According to Cybersecurity Ventures’ recent analysis, the number of employment opportunities is predicted to reach 3.5 million by 2025. It also predicted that cyber criminal activities would cause $6 trillion in global losses in 2021, rising to $10.5 trillion by 2025.

According to a recent analysis by employment agency Cooper Fitch, a cyber security architect in the UAE might earn anywhere from Dh41,000 ($11,164) to Dh52,000 per month in 2022.

Companies are most concerned about data breaches and catastrophic IT outages, according to Allianz, a German financial services business.
Ransomware was the most popular attack in 2021, and it was merely part of a fast acceleration of cyber attacks that have become more complex, frequent, and damaging, according to Mr Arif.

Companies should cast a wider net and promote more inclusivity in hiring to reduce the already difficult task of finding the right people for the job. According to the Microsoft report, women, who made up barely a quarter of cyber security professions in 2021, have a significant opportunity to contribute to the area.

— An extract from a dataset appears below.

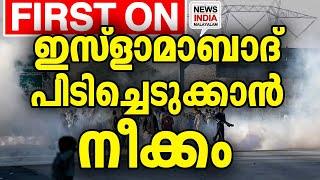 ഭയന്ന് വിറച്ച് ജനം  | world news update |pakistan I NEWS INDIA MALAYALAM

According to a survey by data analytics firm Cloverpop, “gender-diverse” teams make better business judgments 73% of the time. It said that a team required to have at least one man and one woman to be classified as such.

“By actively extending our recruiting and mentorship of underrepresented groups who can bring so much to the table, we can dramatically reduce the shortfall.”

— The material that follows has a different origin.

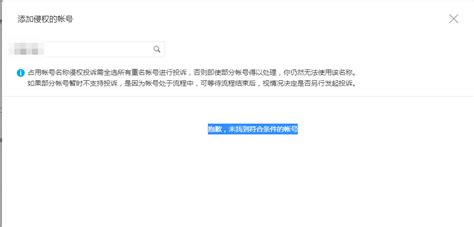 微信公众号规则调整新账号与认证账号不得重名 滋生恶意抢注-搜狐传媒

Mr Arif believes that people should continually be on the learning curve, voluntarily improving their talents. However, it is also the responsibility of company leadership to guarantee that their employees receive the necessary training, or risk cyber crime infiltrating their infrastructure.

“Corporates’ responsibilities are increasingly expanding to include not only safeguarding their infrastructure and users, but also making it easier for their workers to do so,” he said.

Mr Arif stated that Microsoft, the world’s largest software firm, will continue to invest and form partnerships in the UAE’s cyber security industry.

It announced on Monday that it has teamed up with e& – the UAE’s largest telecom provider, formerly known as Etisalat Group – to accelerate innovation and provide customers with more tech-driven goods.